Yes, tomorrow is the big moment—Valentine’s Day! Are you ready for it? You’ve got your sign, you’ve signed our letter to the governor, and you’re planning to attend one of the many freedom to marry events across California. We’re so happy to count you as a face for the freedom to marry.

Once you’ve downloaded your ring tone, use it as a tool to engage someone every time your phone rings. Use it to keep the conversation going with friends, family members, co-workers or people you meet on the bus, street, store or the elevator. Use it tomorrow, the day after and every day—until we all have the freedom to marry the person we love.

Thanks for all that you’ve done to make this campaign a success. We’ve come such a long way, and thanks to your dedication, we can now count thousands of Californians as new supporters for the freedom to marry. Change is just around the corner, my friends. Can you feel it?

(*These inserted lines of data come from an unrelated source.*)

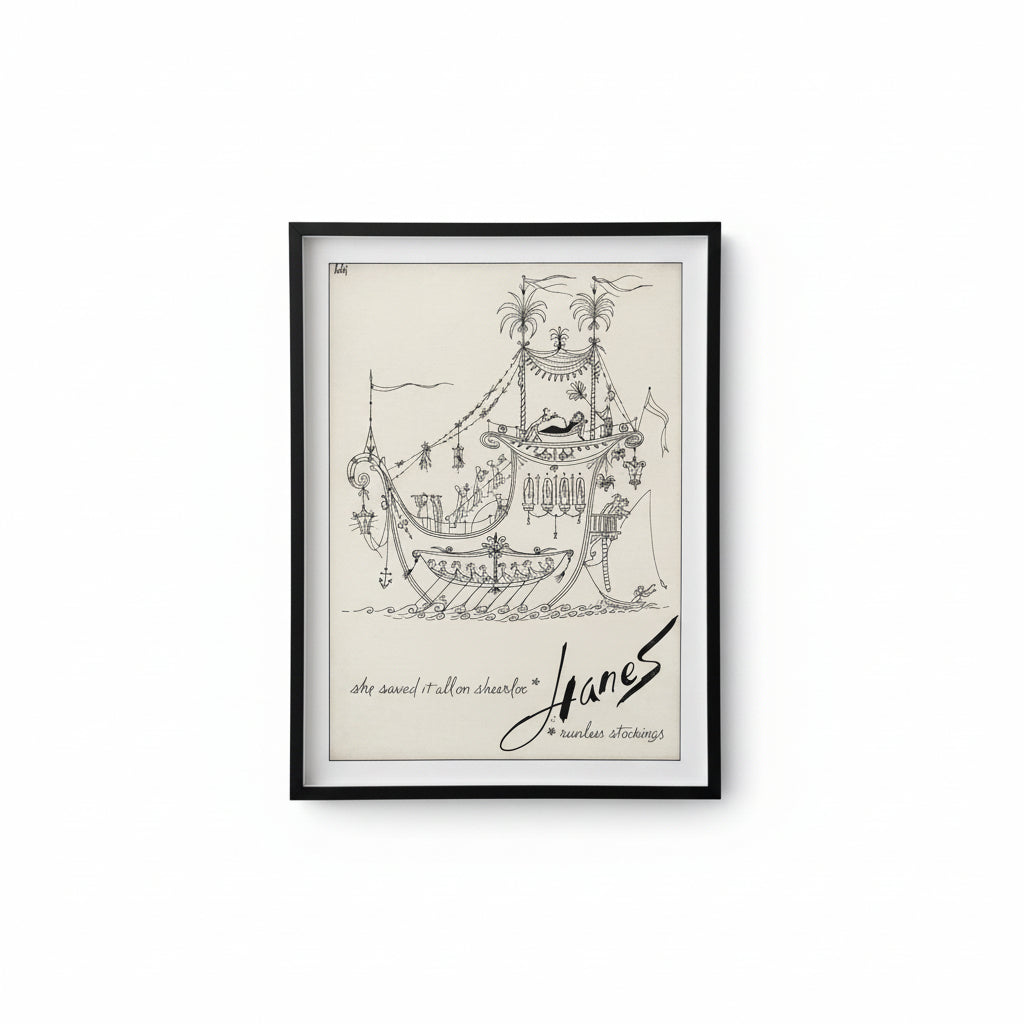 Large Art Black and White Ship W/Black Frame
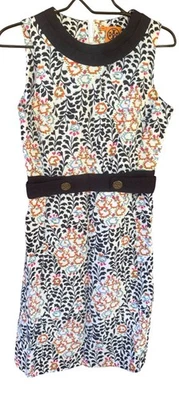 Vestido para mujer Tory Burch sin mangas azul marino multicolor estampado floral talla 6 Foto 1 de 4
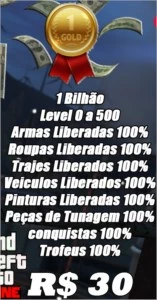 UP DE CONTA GTA V ( Ouro )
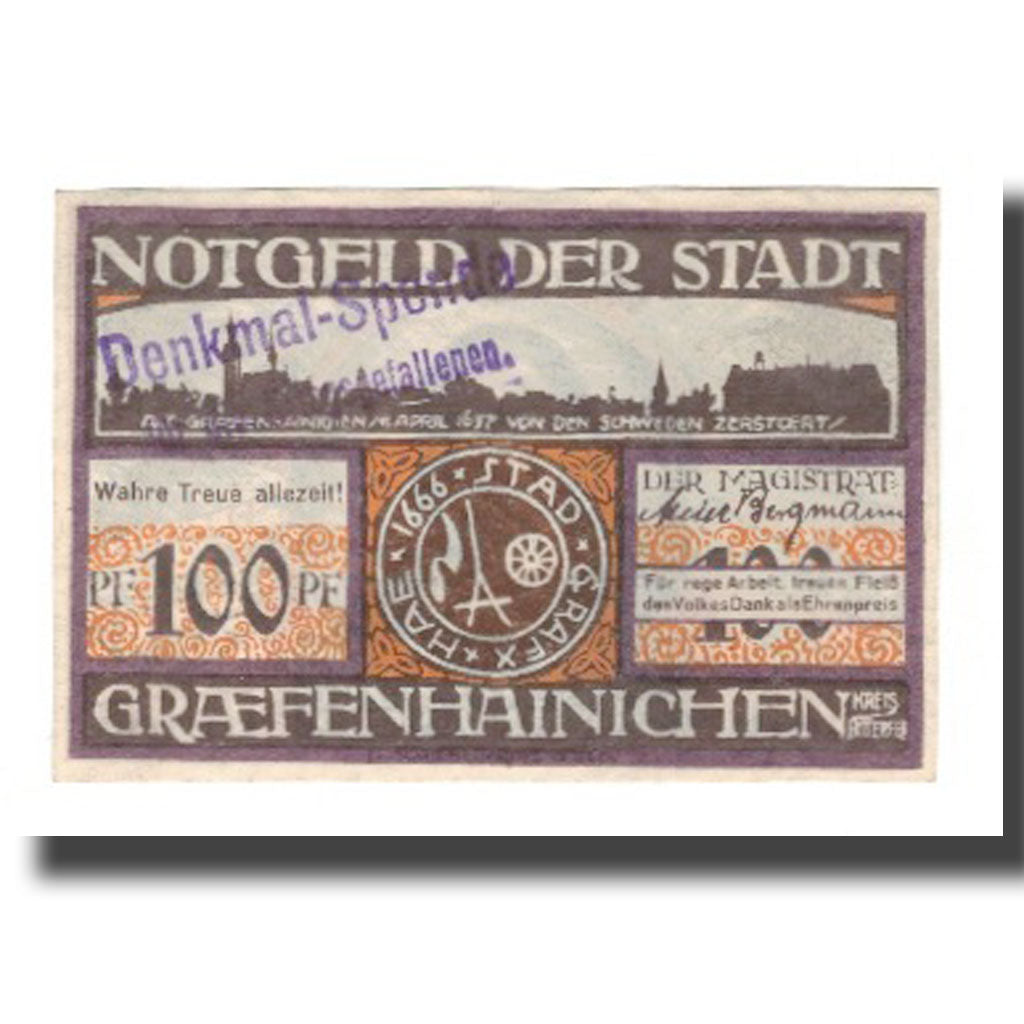 Geldschein, Deutschland, Grafenhainichen Stadt, 100 Pfennig, personnage, 1921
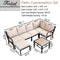 Festival Depot 7 Pcs Patio Conversation Set Sectional Corner Chair Ottoman with Thick Cushions and Side Table All Weather Metal Outdoor Furniture for Deck Poolside, Beige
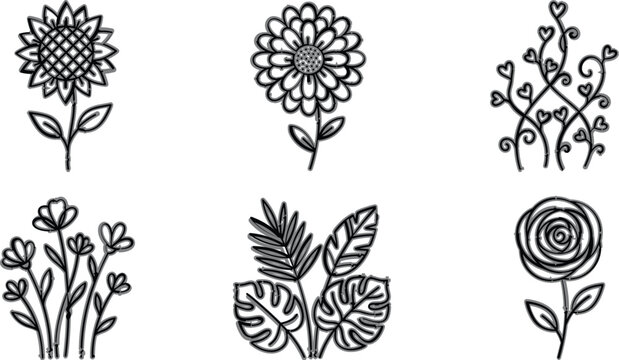 Art & IllustratioVintHand Drawn Floral Doodle Vector Collection Featuring Decorative Flowers Leaves and 
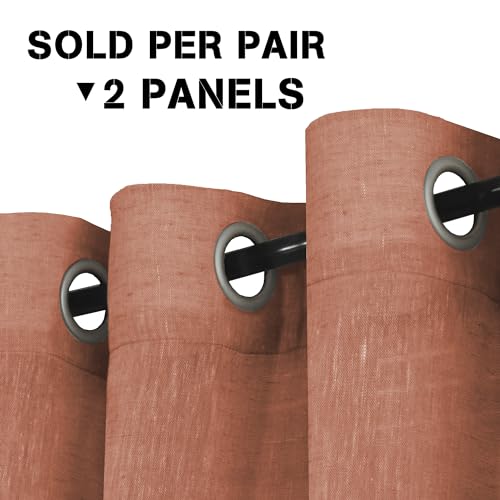 PrimeBeau Natural Linen Semi-Sheer Curtains - Set of 2 Panels for Window, 52 Series Medium Length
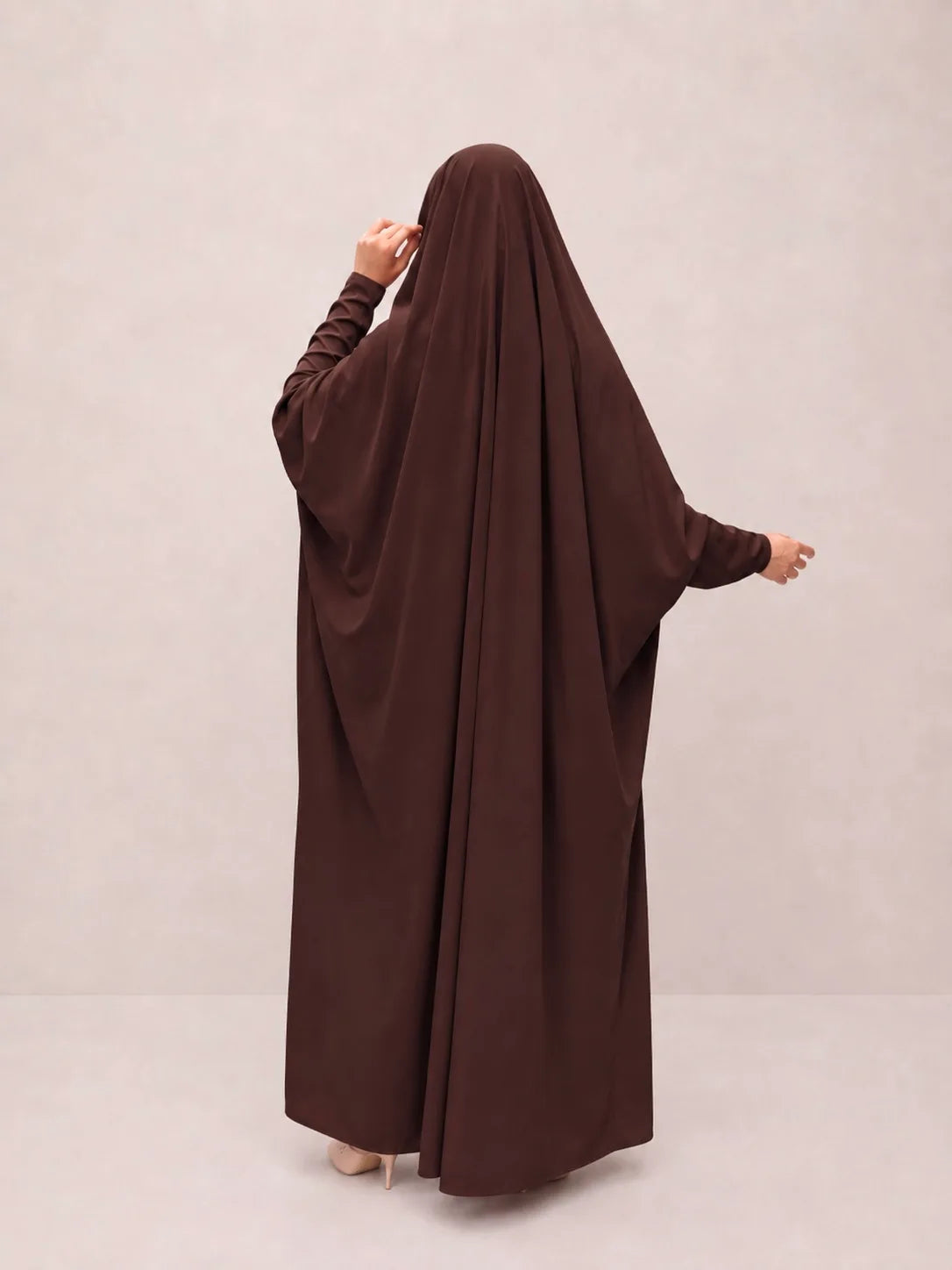 Brown Jilbab With Plain Sleeves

It starts with us today. And it continues with us tomorrow. I hope you’ll attend one of the many freedom to marry events this week. And don’t forget to bring your phone!


Geoff Kors
Let California Ring

Don’t Miss...

The Year of Paper

Last night, the documentary The Year of Paper had its Los Angeles Premier at the LA Gay & Lesbian Center’s Reinberg Theater and doubled as a fundraiser for Let California Ring. Filmmaker Kelley Rouse talks about why putting a human face on marriage is so important.

Our documentary, The Year of Paper, advocates marriage equality as we follow three couples--gay, heterosexual and lesbian--through their newlywed year.

Along with putting human faces on a contentious issue, the film educates about the practical side of all those legal rights and obligations that come with a marriage license.

Ultimately, The Year of Paper and the Let California Ring campaign share the core belief that love is love. If you can connect to folks on that core level and open their eyes to those basic truths, then you have a chance to get past any bigotry or fear..

We're proud to be part of the coalition and to make our Los Angeles premiere a fundraiser for this important campaign.

--Kelly Rouse & Nikki Parker, Co-directors, The Year of Paper

If you missed the film last night, check it out in San Francisco tomorrow night as part of Freedom to Marry Week

Thursday, February 14
7:30 p.m.

San Francisco LGBT Community Center
1800 Market St.
San Francisco

Presented by Frameline, Let California Ring and the National Center for Lesbian Rights.

$10 suggested donation. All proceeds benefit the Let California Ring ( campaign, groundbreaking effort to open hearts and minds and build public support for marriage in California.

A reception will follow the screening.

From the field...

February 5 Day of Action

February 5 may seem like an eon ago, but photos and stories are just coming in from last week’s Let California Ring Day of Action.

Volunteers in Los Angeles, Santa Barbara and Sacramento stood outside 15 locations from 7 a.m. to 8 p.m. on Tuesday and talked to people about the freedom to marry. The thought of talking with strangers can be intimidating, but we know talking about the issue is what’s going to make the difference in this state.

Many of the over 100 volunteers were first-timers and pretty nervous. Once they started having conversations though, people realized the power of talking. They realized how good it feels to have conversations with people about marriage. They realized the difference just one person can make and the huge impact 100 people can make.

Many people we talked with shared that they themselves are gay or have a gay friend or family member. Time and time again the volunteers were thanked for coming out and talking about such an important issue. We found some people who are against us too, but that didn’t stop us. Rather it motivated us to talk to more and more people. By the end of the day, we reached out to 2,596 people.

Tuesday was a super day, but it was only one day of the many days ahead. We have to keep talking every day about the freedom to marry.